== Work request ==
From the first line of the records below through the line with "Bouchon verseur - WOOOW", output each line exactly; skip the pictures.

----

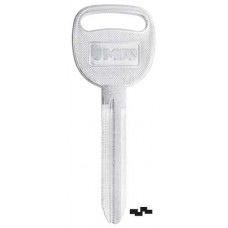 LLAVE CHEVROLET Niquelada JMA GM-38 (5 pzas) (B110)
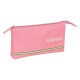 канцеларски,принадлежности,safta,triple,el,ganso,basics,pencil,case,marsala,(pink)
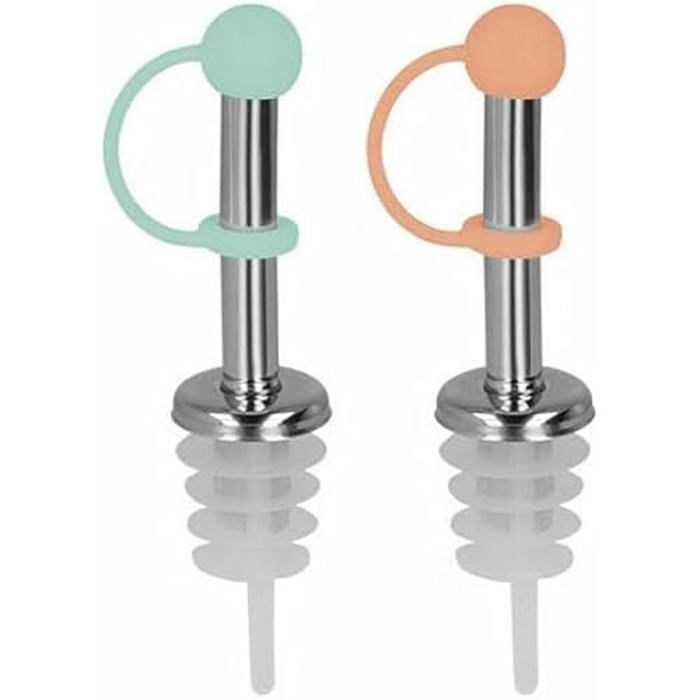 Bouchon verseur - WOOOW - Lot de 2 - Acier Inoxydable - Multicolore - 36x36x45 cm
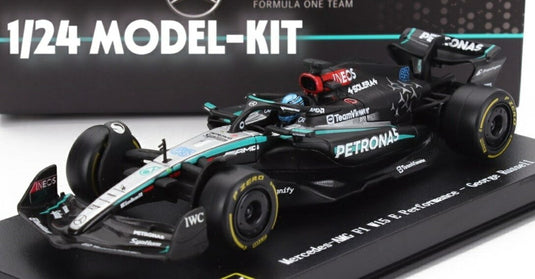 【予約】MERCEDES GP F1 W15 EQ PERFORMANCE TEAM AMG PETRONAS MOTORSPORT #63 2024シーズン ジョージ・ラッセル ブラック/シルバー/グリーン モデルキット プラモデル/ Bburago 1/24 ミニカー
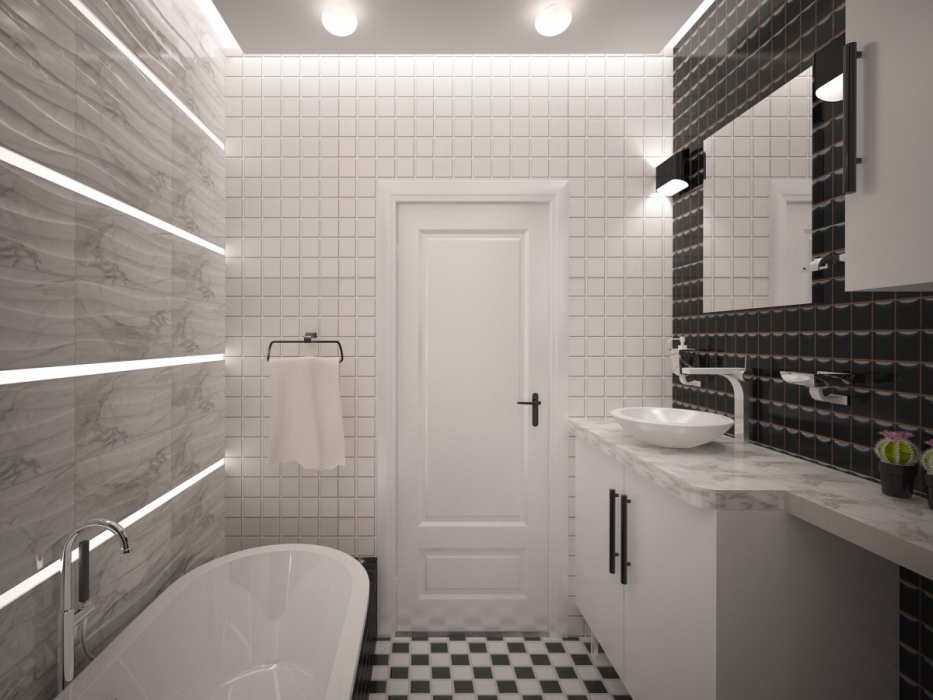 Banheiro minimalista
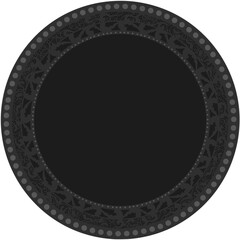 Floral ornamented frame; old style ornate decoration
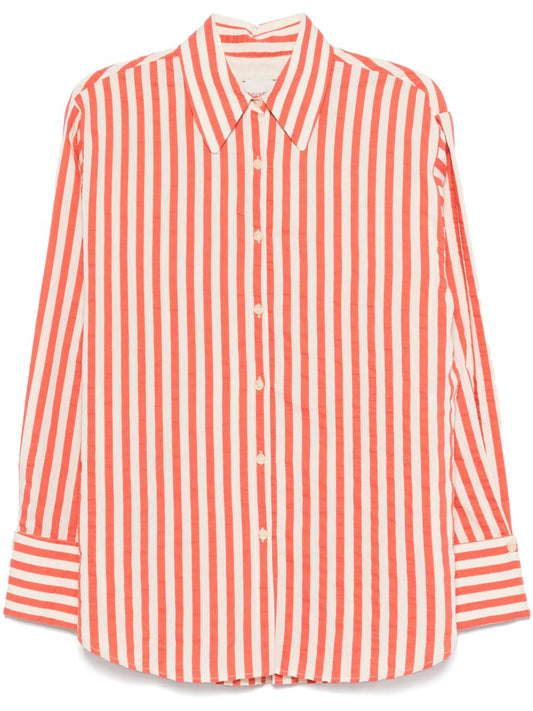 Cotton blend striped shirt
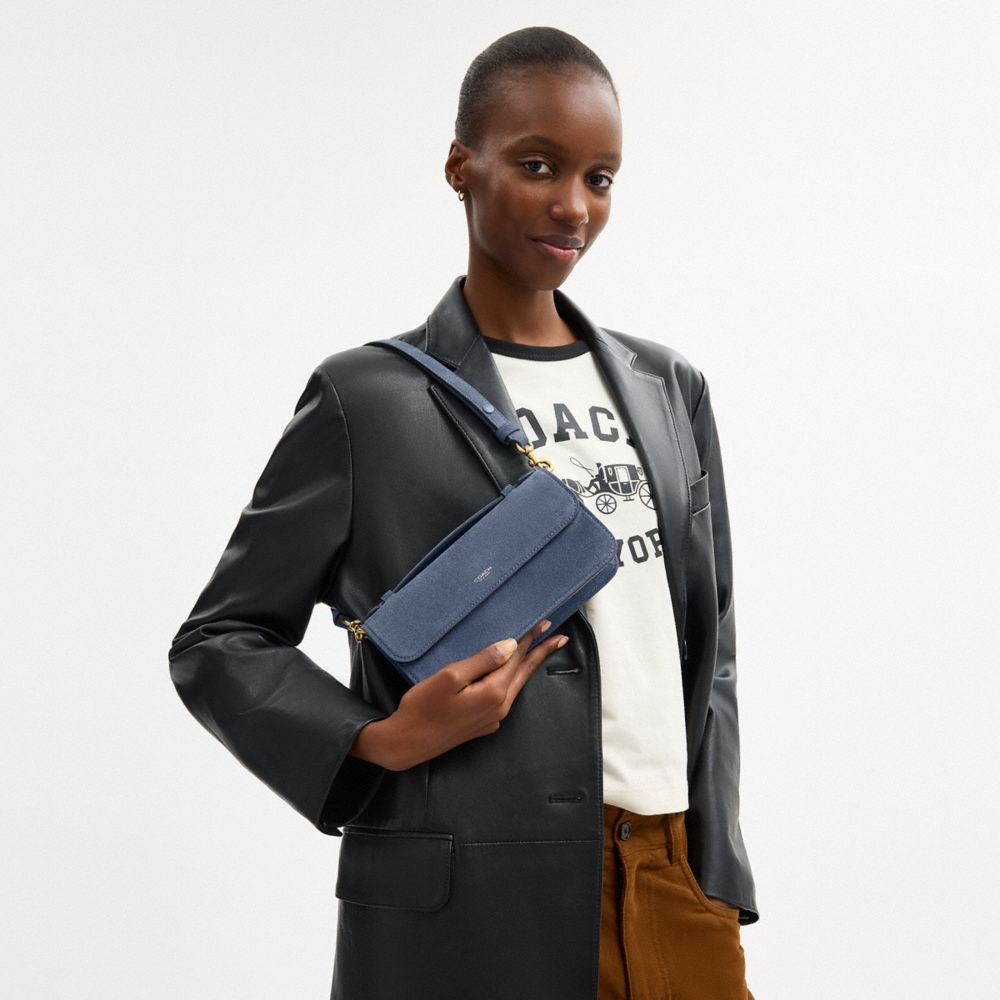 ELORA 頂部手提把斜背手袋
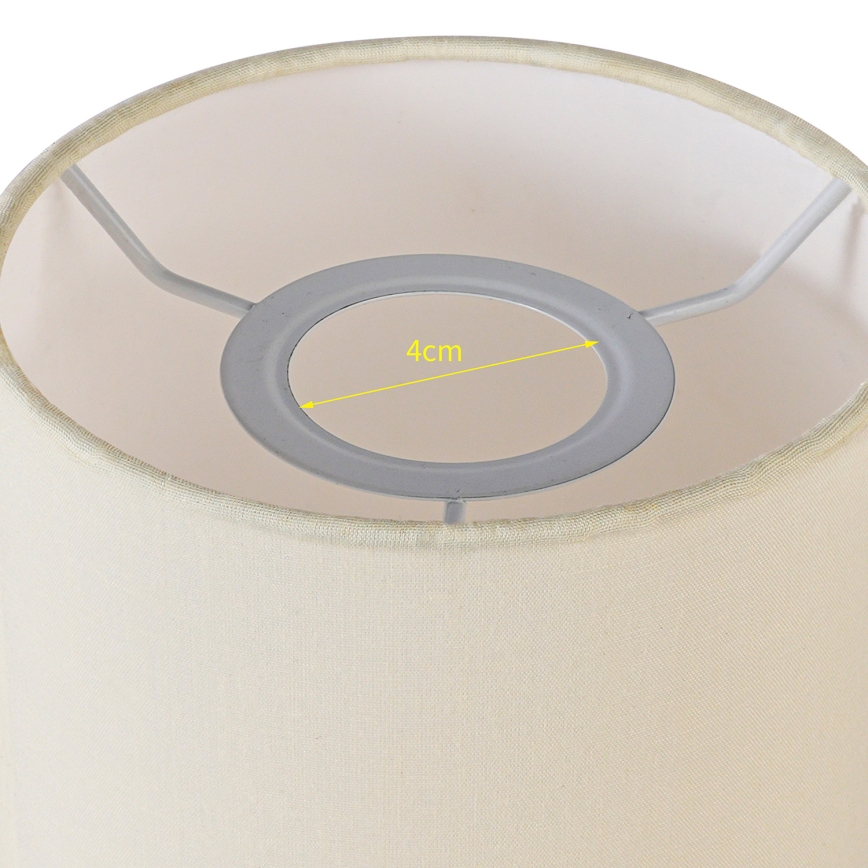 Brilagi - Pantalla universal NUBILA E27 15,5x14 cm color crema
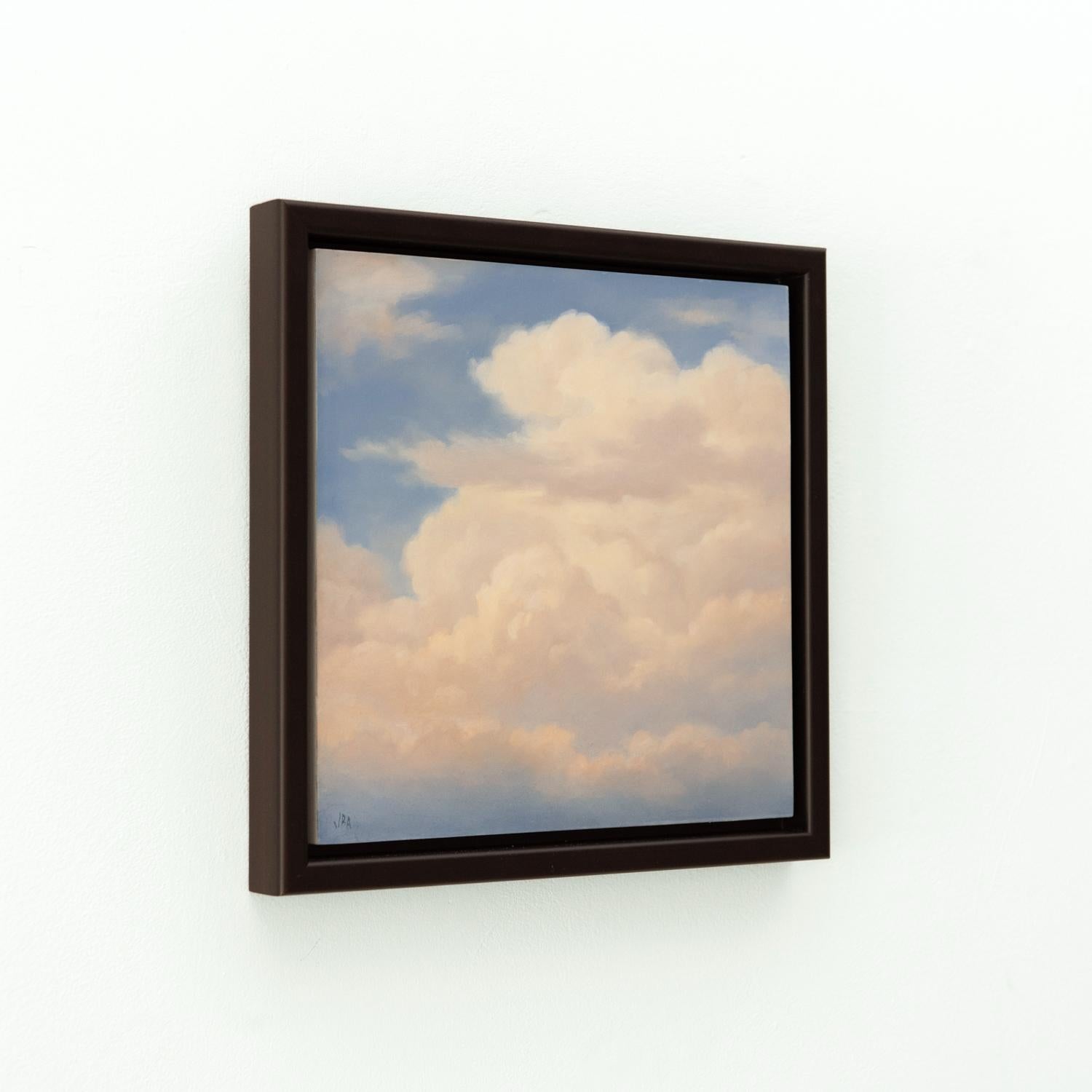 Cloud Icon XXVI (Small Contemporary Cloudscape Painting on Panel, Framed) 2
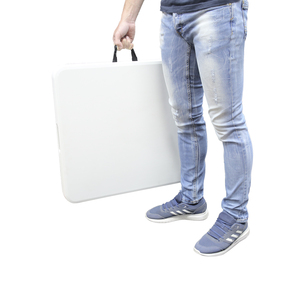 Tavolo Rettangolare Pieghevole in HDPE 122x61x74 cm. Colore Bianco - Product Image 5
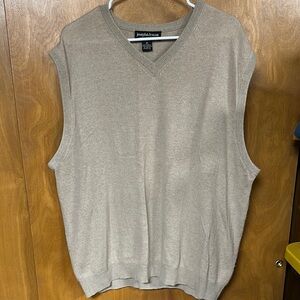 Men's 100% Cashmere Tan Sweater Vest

----

== Result of the exercise ==
 LLAVE CHEVROLET Niquelada JMA GM-38 (5 pzas) (B110)
 канцеларски,принадлежности,safta,triple,el,ganso,basics,pencil,case,marsala,(pink)
 Bouchon verseur - WOOOW - Lot de 2 - Acier Inoxydable - Multicolore - 36x36x45 cm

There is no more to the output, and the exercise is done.